If only he'd been more headstrong he'd still be here.


----------



## CoryKS (Sep 13, 2007)

theletch1 said:


> If only he'd been more headstrong he'd still be here.


 
Well, he's still a cut above the rest.


----------



## theletch1 (Sep 13, 2007)

CoryKS said:


> Well, he's still a cut above the rest.


Doesn't matter.  He'll never get a*head* of anyone like that.


----------



## Lynne (Sep 13, 2007)

You guys are killing me


----------



## CoryKS (Sep 13, 2007)

Lynne said:


> You guys are killing me


 
If you need a shoulder to cry on, I know a guy who isn't using his.


----------



## theletch1 (Sep 13, 2007)

CoryKS said:


> If you need a shoulder to cry on, I know a guy who isn't using his.

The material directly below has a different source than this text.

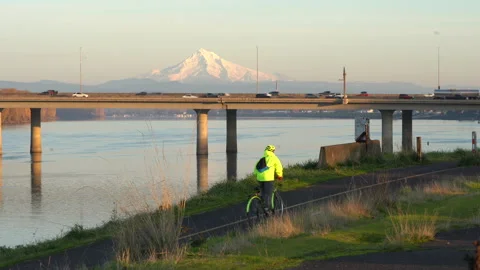 A biker in front of freeway traffic and Mt. Hood, over the Columbia River. Vidéo 143664488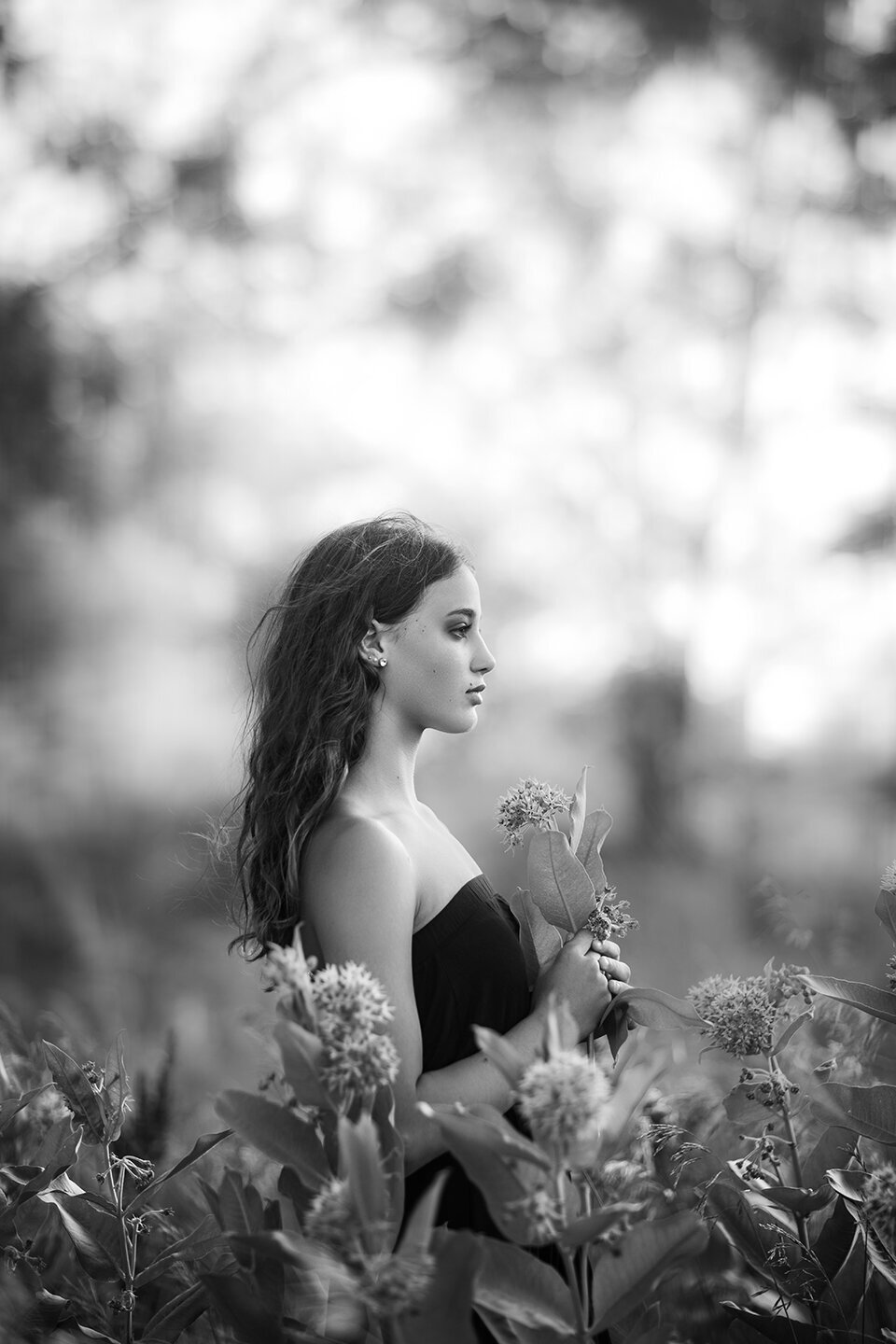 black and white photo of girl in milk weed flowers in billings montana, located at joels pond near sunset.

Trouble is he'd have a hell of a time putting on his psychologist hat to deal with your problems.


----------



## Cruentus (Sep 13, 2007)

CoryKS said:


> Ingenious. He must have had a good head on his shoulders.


 
lol!

Leave to us here in Michigan to get creative!


----------



## Andy Moynihan (Sep 13, 2007)

theletch1 said:


> Trouble is he'd have a hell of a time putting on his psychologist hat to deal with your problems.


 

Yeah it sounds to me he had enough to get off his chest himself.


----------



## thardey (Sep 13, 2007)

Andy Moynihan said:


> Yeah it sounds to me he had enough to get off his chest himself.



No reason to_ look down_ on him.


----------



## Sukerkin (Sep 13, 2007)

Guys!  Please!!  All the responses *are* very funny but still ... well ... not to be overly somber or anything but the poor fellow did kill himself.

Of course, if it's a fictional event then the jokes on me (not followed the link yet, just overcome by knee-jerk, bleeding-heart-liberal, finger-keyboard-interface action ).


----------



## Kacey (Sep 13, 2007)

CoryKS said:


> Well, he's still a cut above the rest.



Wouldn't that be a cut below?  Or perhaps a cut a*head*?


----------



## Tames D (Sep 13, 2007)

My mechanical and carpentry skills being what they are, I would have probably done just enough damage to paralize myself for life. Best to leave suicide for the Glock.


----------



## Big Don (Sep 14, 2007)

jim777 said:


> Whatever happened to selling all of your worldly possessions and buying a few tons of dynamite and a Bic lighter?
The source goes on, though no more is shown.